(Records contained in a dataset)
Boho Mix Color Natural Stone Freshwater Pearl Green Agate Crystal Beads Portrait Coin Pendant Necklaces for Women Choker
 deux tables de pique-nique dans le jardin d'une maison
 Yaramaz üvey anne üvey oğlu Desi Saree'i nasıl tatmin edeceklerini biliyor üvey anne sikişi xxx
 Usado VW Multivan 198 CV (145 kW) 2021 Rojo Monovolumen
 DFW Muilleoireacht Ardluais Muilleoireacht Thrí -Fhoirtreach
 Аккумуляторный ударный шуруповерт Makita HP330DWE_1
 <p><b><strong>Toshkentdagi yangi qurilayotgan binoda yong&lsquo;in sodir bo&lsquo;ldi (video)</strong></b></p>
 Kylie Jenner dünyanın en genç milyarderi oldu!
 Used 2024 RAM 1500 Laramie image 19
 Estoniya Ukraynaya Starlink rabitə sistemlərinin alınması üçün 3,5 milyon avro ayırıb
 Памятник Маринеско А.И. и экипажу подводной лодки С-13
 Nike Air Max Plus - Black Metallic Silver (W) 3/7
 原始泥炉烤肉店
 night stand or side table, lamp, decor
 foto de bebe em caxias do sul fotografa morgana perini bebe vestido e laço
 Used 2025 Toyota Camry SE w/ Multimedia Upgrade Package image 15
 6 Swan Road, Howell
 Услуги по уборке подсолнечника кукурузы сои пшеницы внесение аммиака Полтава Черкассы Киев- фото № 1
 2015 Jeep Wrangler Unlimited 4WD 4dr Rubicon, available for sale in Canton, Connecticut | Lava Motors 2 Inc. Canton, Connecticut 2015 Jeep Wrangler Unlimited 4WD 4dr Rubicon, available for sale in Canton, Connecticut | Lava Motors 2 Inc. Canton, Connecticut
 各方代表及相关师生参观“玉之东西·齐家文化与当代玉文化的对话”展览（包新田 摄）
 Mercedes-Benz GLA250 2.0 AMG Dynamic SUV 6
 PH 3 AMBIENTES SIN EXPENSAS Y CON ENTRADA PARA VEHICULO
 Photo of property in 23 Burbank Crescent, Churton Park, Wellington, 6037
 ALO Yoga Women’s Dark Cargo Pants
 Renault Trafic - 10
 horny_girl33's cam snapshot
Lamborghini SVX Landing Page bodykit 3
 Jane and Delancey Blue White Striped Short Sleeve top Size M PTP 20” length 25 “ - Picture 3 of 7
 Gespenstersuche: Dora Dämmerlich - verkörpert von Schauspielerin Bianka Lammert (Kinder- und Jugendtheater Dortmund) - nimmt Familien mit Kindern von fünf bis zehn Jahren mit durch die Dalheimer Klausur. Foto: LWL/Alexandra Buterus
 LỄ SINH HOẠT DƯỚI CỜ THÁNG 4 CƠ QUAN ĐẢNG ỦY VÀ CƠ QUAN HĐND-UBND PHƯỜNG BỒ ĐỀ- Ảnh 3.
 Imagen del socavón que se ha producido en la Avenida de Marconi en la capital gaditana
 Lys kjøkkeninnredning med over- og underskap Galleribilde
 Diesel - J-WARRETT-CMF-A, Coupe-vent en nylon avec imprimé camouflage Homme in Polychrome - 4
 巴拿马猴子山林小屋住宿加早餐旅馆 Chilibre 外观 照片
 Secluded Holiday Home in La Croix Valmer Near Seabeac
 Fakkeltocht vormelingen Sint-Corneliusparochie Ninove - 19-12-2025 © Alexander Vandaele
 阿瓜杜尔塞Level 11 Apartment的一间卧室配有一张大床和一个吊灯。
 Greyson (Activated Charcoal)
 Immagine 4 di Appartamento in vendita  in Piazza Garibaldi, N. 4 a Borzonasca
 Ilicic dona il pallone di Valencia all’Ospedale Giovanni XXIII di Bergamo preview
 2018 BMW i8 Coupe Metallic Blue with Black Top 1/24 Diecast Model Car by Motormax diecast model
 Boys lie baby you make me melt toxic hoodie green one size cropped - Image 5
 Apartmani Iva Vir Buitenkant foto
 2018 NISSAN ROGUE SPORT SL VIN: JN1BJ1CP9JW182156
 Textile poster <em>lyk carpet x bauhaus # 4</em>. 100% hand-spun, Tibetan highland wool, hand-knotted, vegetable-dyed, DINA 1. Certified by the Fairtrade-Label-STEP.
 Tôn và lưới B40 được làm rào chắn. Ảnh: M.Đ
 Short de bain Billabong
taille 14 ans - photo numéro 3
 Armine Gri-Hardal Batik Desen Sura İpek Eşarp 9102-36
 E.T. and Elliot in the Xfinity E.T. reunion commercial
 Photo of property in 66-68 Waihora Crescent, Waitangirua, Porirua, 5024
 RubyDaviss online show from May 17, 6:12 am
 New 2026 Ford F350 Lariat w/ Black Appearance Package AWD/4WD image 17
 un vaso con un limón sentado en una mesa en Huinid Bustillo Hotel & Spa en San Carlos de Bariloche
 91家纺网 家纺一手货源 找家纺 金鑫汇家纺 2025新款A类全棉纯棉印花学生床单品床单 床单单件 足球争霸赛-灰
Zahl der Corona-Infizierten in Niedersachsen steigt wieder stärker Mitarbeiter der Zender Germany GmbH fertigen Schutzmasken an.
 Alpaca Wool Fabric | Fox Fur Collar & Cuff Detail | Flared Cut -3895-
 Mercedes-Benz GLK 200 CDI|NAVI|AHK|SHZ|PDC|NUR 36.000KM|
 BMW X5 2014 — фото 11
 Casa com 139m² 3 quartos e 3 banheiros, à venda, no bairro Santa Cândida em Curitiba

**Task details**
No line may be altered or left out when the data is written out.

**Written solution**
Boho Mix Color Natural Stone Freshwater Pearl Green Agate Crystal Beads Portrait Coin Pendant Necklaces for Women Choker
 deux tables de pique-nique dans le jardin d'une maison
 Yaramaz üvey anne üvey oğlu Desi Saree'i nasıl tatmin edeceklerini biliyor üvey anne sikişi xxx
 Usado VW Multivan 198 CV (145 kW) 2021 Rojo Monovolumen
 DFW Muilleoireacht Ardluais Muilleoireacht Thrí -Fhoirtreach
 Аккумуляторный ударный шуруповерт Makita HP330DWE_1
 <p><b><strong>Toshkentdagi yangi qurilayotgan binoda yong&lsquo;in sodir bo&lsquo;ldi (video)</strong></b></p>
 Kylie Jenner dünyanın en genç milyarderi oldu!
 Used 2024 RAM 1500 Laramie image 19
 Estoniya Ukraynaya Starlink rabitə sistemlərinin alınması üçün 3,5 milyon avro ayırıb
 Памятник Маринеско А.И. и экипажу подводной лодки С-13
 Nike Air Max Plus - Black Metallic Silver (W) 3/7
 原始泥炉烤肉店
 night stand or side table, lamp, decor
 foto de bebe em caxias do sul fotografa morgana perini bebe vestido e laço
 Used 2025 Toyota Camry SE w/ Multimedia Upgrade Package image 15
 6 Swan Road, Howell
 Услуги по уборке подсолнечника кукурузы сои пшеницы внесение аммиака Полтава Черкассы Киев- фото № 1
 2015 Jeep Wrangler Unlimited 4WD 4dr Rubicon, available for sale in Canton, Connecticut | Lava Motors 2 Inc. Canton, Connecticut 2015 Jeep Wrangler Unlimited 4WD 4dr Rubicon, available for sale in Canton, Connecticut | Lava Motors 2 Inc. Canton, Connecticut
 各方代表及相关师生参观“玉之东西·齐家文化与当代玉文化的对话”展览（包新田 摄）
 Mercedes-Benz GLA250 2.0 AMG Dynamic SUV 6
 PH 3 AMBIENTES SIN EXPENSAS Y CON ENTRADA PARA VEHICULO
 Photo of property in 23 Burbank Crescent, Churton Park, Wellington, 6037
 ALO Yoga Women’s Dark Cargo Pants
 Renault Trafic - 10
 horny_girl33's cam snapshot
Lamborghini SVX Landing Page bodykit 3
 Jane and Delancey Blue White Striped Short Sleeve top Size M PTP 20” length 25 “ - Picture 3 of 7
 Gespenstersuche: Dora Dämmerlich - verkörpert von Schauspielerin Bianka Lammert (Kinder- und Jugendtheater Dortmund) - nimmt Familien mit Kindern von fünf bis zehn Jahren mit durch die Dalheimer Klausur. Foto: LWL/Alexandra Buterus
 LỄ SINH HOẠT DƯỚI CỜ THÁNG 4 CƠ QUAN ĐẢNG ỦY VÀ CƠ QUAN HĐND-UBND PHƯỜNG BỒ ĐỀ- Ảnh 3.
 Imagen del socavón que se ha producido en la Avenida de Marconi en la capital gaditana
 Lys kjøkkeninnredning med over- og underskap Galleribilde
 Diesel - J-WARRETT-CMF-A, Coupe-vent en nylon avec imprimé camouflage Homme in Polychrome - 4
 巴拿马猴子山林小屋住宿加早餐旅馆 Chilibre 外观 照片
 Secluded Holiday Home in La Croix Valmer Near Seabeac
 Fakkeltocht vormelingen Sint-Corneliusparochie Ninove - 19-12-2025 © Alexander Vandaele
 阿瓜杜尔塞Level 11 Apartment的一间卧室配有一张大床和一个吊灯。
 Greyson (Activated Charcoal)
 Immagine 4 di Appartamento in vendita  in Piazza Garibaldi, N. 4 a Borzonasca
 Ilicic dona il pallone di Valencia all’Ospedale Giovanni XXIII di Bergamo preview
 2018 BMW i8 Coupe Metallic Blue with Black Top 1/24 Diecast Model Car by Motormax diecast model
 Boys lie baby you make me melt toxic hoodie green one size cropped - Image 5
 Apartmani Iva Vir Buitenkant foto
 2018 NISSAN ROGUE SPORT SL VIN: JN1BJ1CP9JW182156
 Textile poster <em>lyk carpet x bauhaus # 4</em>. 100% hand-spun, Tibetan highland wool, hand-knotted, vegetable-dyed, DINA 1. Certified by the Fairtrade-Label-STEP.
 Tôn và lưới B40 được làm rào chắn. Ảnh: M.Đ
 Short de bain Billabong
taille 14 ans - photo numéro 3
 Armine Gri-Hardal Batik Desen Sura İpek Eşarp 9102-36
 E.T. and Elliot in the Xfinity E.T. reunion commercial
 Photo of property in 66-68 Waihora Crescent, Waitangirua, Porirua, 5024
 RubyDaviss online show from May 17, 6:12 am
 New 2026 Ford F350 Lariat w/ Black Appearance Package AWD/4WD image 17
 un vaso con un limón sentado en una mesa en Huinid Bustillo Hotel & Spa en San Carlos de Bariloche
 91家纺网 家纺一手货源 找家纺 金鑫汇家纺 2025新款A类全棉纯棉印花学生床单品床单 床单单件 足球争霸赛-灰
Zahl der Corona-Infizierten in Niedersachsen steigt wieder stärker Mitarbeiter der Zender Germany GmbH fertigen Schutzmasken an.
 Alpaca Wool Fabric | Fox Fur Collar & Cuff Detail | Flared Cut -3895-
 Mercedes-Benz GLK 200 CDI|NAVI|AHK|SHZ|PDC|NUR 36.000KM|
 BMW X5 2014 — фото 11
 Casa com 139m² 3 quartos e 3 banheiros, à venda, no bairro Santa Cândida em Curitiba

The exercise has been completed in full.